I do think we have a right to buy and sell animals for food; I do it myself. But I buy beef and chicken, not to mention eggs, from local farmers, because they see a point in letting the animals use their legs and see the sun, while big food companies tend to treat animals in any way that will maximize their profits, both because they can and because few people are interested in finding out what happens to those animals. If you don't like to read books like The Jungle or the more recent Fast Food Nation, you're not alone, but ignoring a problem allows it to persist. I might even go further--the rhetorical effect of Uncle Tom's Cabin was to demonstrate that if you don't speak out against evil, you are part of it.

Less of the feeling of "ownership" and more of the feeling of "custodianship" would benefit the dragons of Britain in Novik's fictional world, and certainly the animals we still feel the right to breed in this world.

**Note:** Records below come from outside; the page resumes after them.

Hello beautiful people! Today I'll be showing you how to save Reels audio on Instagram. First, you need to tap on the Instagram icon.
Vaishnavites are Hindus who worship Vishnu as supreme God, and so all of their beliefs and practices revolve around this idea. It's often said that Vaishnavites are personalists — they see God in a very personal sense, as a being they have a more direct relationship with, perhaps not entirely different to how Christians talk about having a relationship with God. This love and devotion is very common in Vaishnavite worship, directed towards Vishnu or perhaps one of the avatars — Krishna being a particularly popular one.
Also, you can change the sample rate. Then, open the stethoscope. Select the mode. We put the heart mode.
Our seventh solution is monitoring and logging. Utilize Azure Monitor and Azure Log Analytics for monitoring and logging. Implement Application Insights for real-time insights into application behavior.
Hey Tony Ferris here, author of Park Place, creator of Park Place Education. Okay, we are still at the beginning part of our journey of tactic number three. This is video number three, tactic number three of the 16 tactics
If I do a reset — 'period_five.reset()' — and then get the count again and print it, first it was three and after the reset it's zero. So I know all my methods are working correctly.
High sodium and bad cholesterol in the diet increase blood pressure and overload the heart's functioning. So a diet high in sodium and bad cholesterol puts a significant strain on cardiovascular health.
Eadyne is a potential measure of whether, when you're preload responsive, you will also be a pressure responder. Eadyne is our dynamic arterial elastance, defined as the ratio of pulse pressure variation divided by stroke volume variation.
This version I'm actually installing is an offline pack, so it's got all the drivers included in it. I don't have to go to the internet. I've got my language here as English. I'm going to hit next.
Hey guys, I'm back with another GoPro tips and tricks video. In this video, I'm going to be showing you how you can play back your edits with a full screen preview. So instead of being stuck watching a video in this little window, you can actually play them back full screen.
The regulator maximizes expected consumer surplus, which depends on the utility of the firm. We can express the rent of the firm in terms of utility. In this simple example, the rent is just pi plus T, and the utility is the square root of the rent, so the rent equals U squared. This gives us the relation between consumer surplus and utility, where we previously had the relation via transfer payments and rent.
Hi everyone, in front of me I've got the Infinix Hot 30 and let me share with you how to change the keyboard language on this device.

If you're interested in this issue, you might take a look at the Humane Society website:
http://www.hsus.org/



2 comments:

ben said...

I agree with what you've said, with three small caveats. First, having had some real experience with large-scale animal agriculture (both poultry and cattle) as I grew up, I am not so quick to condemn it as inhumane. A lot of such talk may be based on psychological projection -- and the attitudes of a big-brained descendent of primates will not necessarily be the same as those of a ruminant herd animal. (I hate crowds. Cows love crowds. I need plenty of visual stimulation. Cows would rather look at other cows.)

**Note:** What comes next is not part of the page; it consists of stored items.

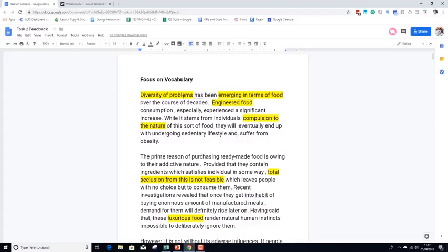For example: 'Diversity of problems has been emerging in terms of food' — I don't know what that means. 'Engineered food' — what is engineered food? 'Compulsion to the nature' — doesn't make any sense. 'Total seclusion from this is not feasible' — why not just say 'this is unavoidable'? Simpler language is far more impressive than complex language that doesn't make any sense. Also, 'luxurious food' and 'fast food' are two widely different things — McDonald's is processed fast food, but it is definitely not luxurious food no matter where you are in the world.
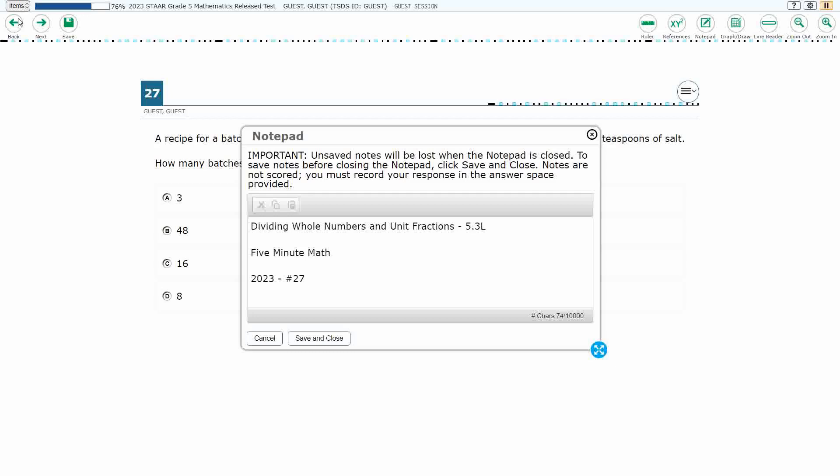Hello and welcome to 5-Minute Math. Today we are looking at the 5th grade concept of Dividing Whole Numbers and Unit Fractions. This is Standard 5.3L in the great state of Texas, and we are using item number 27 of the 2023 released STAAR test.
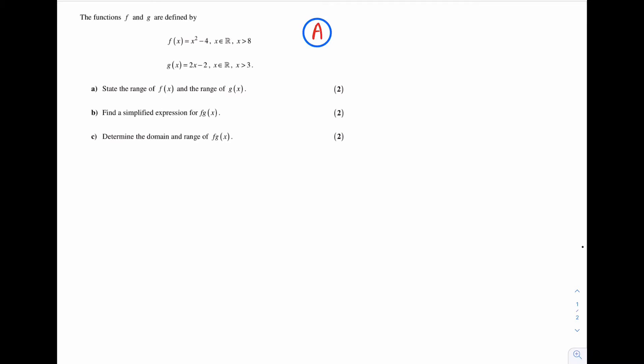Here is an A grade question on functions, domain and range. The functions f and g are defined by f of x equal x squared minus 4, x is an element of the real number set, x is greater than 8. g of x is equal to 2x minus 2, x is an element of the real number set, x is greater than 3.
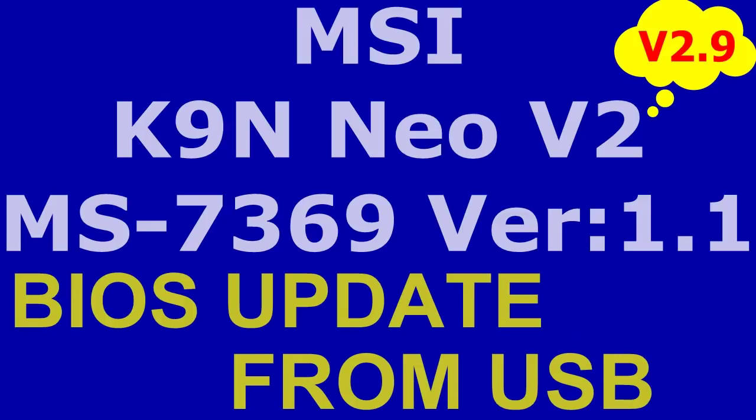Aloha, in this video I will upgrade from USB the BIOS for the MSI-K9N Neo V2 motherboard.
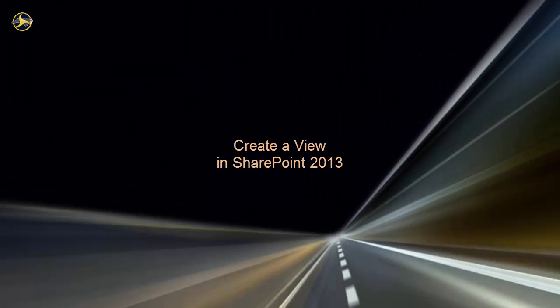Welcome to this video on how to create a view in SharePoint 2013. In this video, we'll demonstrate views, create a view interactively, and begin to explore the various settings for views.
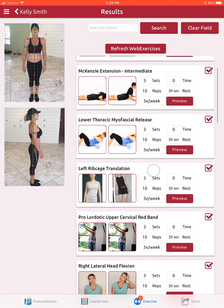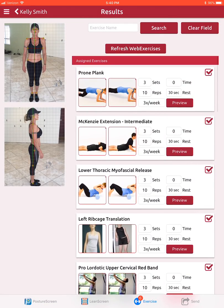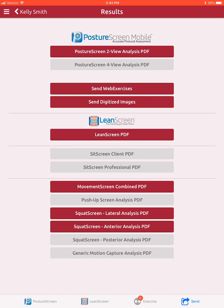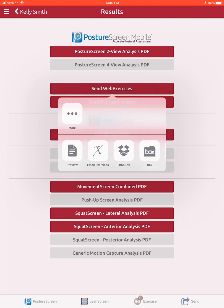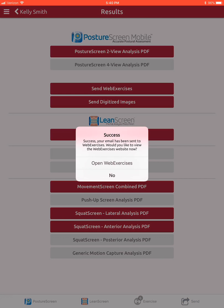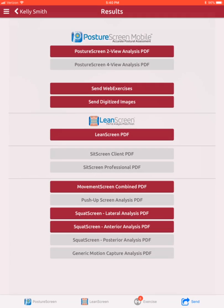Now we have a comprehensive exercise program that is ready to go. I click here and I can send not only the assessments but also the exercises. I click send web exercises, click email exercises, and the client will receive an email with a secure link containing an exercise prescription that includes your own branded content.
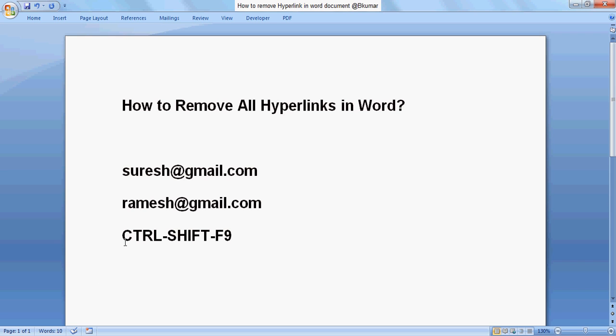Use this shortcut key for removing all hyperlinks in your Word document.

Second, I'm not altogether convinced by your theory of the cause of child abuse. Are people always more careful with stuff that does not belong to them? Not in my experience. (See "students, college".) I do agree, though, that "ownership" is a horribly wrong attitude to have about children.

Third problem: In your description of abuse, you include the idea that "we feel a right to educate them in whatever narrow way we believe". Do I not have a serious duty to pass on to my children the very best that I can give them, including my clearest perception of the Good? And shouldn't I help them defend themselves against the lunacies of the culture? Isn't that exactly "the narrow way that I believe"? Children will pick up values from somewhere -- if not from people who really care about them and want the best for them, then willy-nilly from anyplace. In the end, they will become less free, not more; more vulnerable to manipulation, not less.

Jeanne said...

The problems with large-scale animal agriculture that I'm talking about include keeping chickens in cages that barely contain their bodies for their whole lives, and crowding pigs so close together that they chew each other's tails off.

And you don't isolate your children from other people; I've always had ready access to them to instill my beliefs alongside yours!